Louise Leduc Louise Leduc
La Presse

D’ici cinq ans, dit-il, 10 000 habitants se seront ajoutés à Salaberry-de-Valleyfield. « Vaudreuil déborde, Candiac et Sainte-Catherine ont explosé. À Salaberry-de-Valleyfield, les ventes de terrains se multiplient et on est en plein boom économique. »

Claude Reid, député caquiste, constate lui aussi que sa région connaît de belles heures. « À Salaberry-de-Valleyfield, la commission scolaire a déposé deux projets d’agrandissement d’écoles primaires pour avoir 42 nouvelles classes d’ici trois ans. »

Tout cela tranche fortement avec les années 1980 et 1990 alors que « la région de Salaberry-de-Valleyfield mangeait son pain noir. Toute la région était axée sur l’industrie lourde et quand les usines ont fermé [Goodyear, Dominion Textile, etc.], ça a fait très mal », rappelle Bruno Tremblay, président du conseil d’administration du Centre local de développement de la région de Beauharnois-Salaberry.

Pendant longtemps, poursuit-il, « nous étions un peu le no man’s land du Québec. L’arrivée de la 30 a sorti la région de la noirceur. »

IKEA vient d’installer son centre de distribution à Beauharnois. OVH, une entreprise européenne de données, s’y installe aussi, tout comme Chloretec, un fabricant d’hypochlorite de sodium. Coteau-du-Lac, de son côté, vient d’obtenir un entrepôt géant de Canadian Tire, de même qu’un centre de distribution dernier cri d’Amazon. Cela fait beaucoup d’emplois à pourvoir dans la région.

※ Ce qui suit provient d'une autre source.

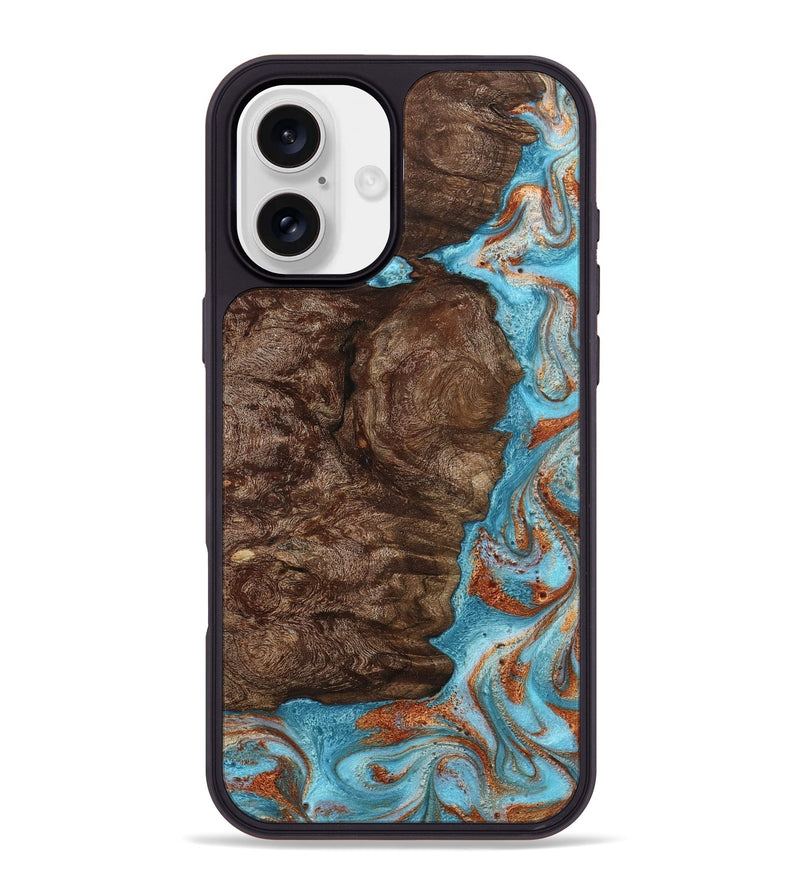 iPhone 16 Plus Wood Phone Case - Brook (Teal & Gold, 793066)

Avec l’arrivée de la 30, les gens de la rive sud peuvent maintenant facilement venir travailler dans la région.

Claude Reid, député caquiste de Beauharnois

Maire de Salaberry-de-Valleyfield de 1995 à 2017, Denis Lapointe souligne que la ville a de belles cartes dans sa poche. Située tout près des autoroutes 20, 30 et 40 et forte de son réseau ferroviaire et de son port (Salaberry-de-Valleyfield est le seul port autonome sous gestion municipale au Canada), « son activité commerciale et industrielle est aujourd’hui florissante ».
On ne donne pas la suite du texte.